Is it possible to use multiple graphics cards to speed up scientific calculations in C++ or Python?

B

bobrikan2020-02-01 00:30:53

Python

bobrikan, 2020-02-01 00:30:53

At the moment I'm doing scientific calculations (calculating matrices, which parallels well). If initially it all started with sequential calculations on the CPU in python, then pretty soon the idea came about parallelization on the CPU, and then CUDA (I use the numba library in python). And the results are very good. However, they still got to the point that even on 1080ti, the account takes more than 15 hours.

So questions.
1) How fast is the Tesla V100 than the 1080ti?
2) How fast will the calculations be when switching to C++?
3) Is it possible to use multiple GPUs for calculations at the same time in python? That is, of course, you can break the matrix into 4 parts with your hands, run 4 identical codes with your hands (the only difference in the code will be in assigning cuda.device_select (n) to the video card code), and then use the handles to connect 4 matrices and get the desired matrix, but this is very troublesome.
4) A similar question about c ++
I searched the Internet for info - I did not find it.

Reply

Answer the question

In order to leave comments, you need to log in

4 answer(s)

V

Vladimir Korotenko, 2020-02-01
@firedragon

See.
https://www.microway.com/knowledge-center-articles...
Tesla's only problem is cost

A

Andrey Dugin, 2020-02-01
@adugin

I'll just leave this here as an illustration of overclocking matrix multiplication by a factor of 330 without any GPUs:
How to speed up matrix multiplication in numpy?

O

Oleg Kirillov, 2020-02-02
@madstrix

In my experience, the difference between python and c++ will be negligible in this case, because the calculations themselves are on the device, and the host is only responsible for I / O and general logic.
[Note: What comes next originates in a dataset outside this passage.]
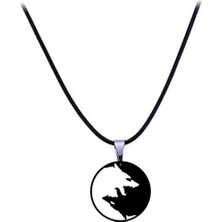 Tamgacrafts Ikiz Kurt Denge Kolye Feng Shui Iyi Kötü Büyük Boy 6cm Siyah Akrilik Deri Kayış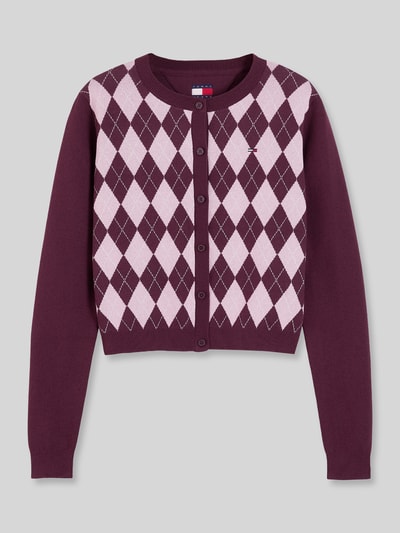 Tommy Jeans Regular Fit Strickjacke aus reiner Baumwolle Bordeaux 2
Didn't work with CUDA, but for OpenCL it's all about copying data from/to the GPU and writing to files. You need to profile. I also heard that you can map a memory area from RAM or even ROM directly into the GPU address space. That will help to avoid unnecessary copying (but I personally have not tried it).
Regarding the use of multiple GPUs. Used. Gives a speedup of about 0.9n - 0.95n, where n is the number of calculators. The host receives data on the approximate performance of each device, the entire task is proportionally divided into parts and launched. Then the results are collected on the host.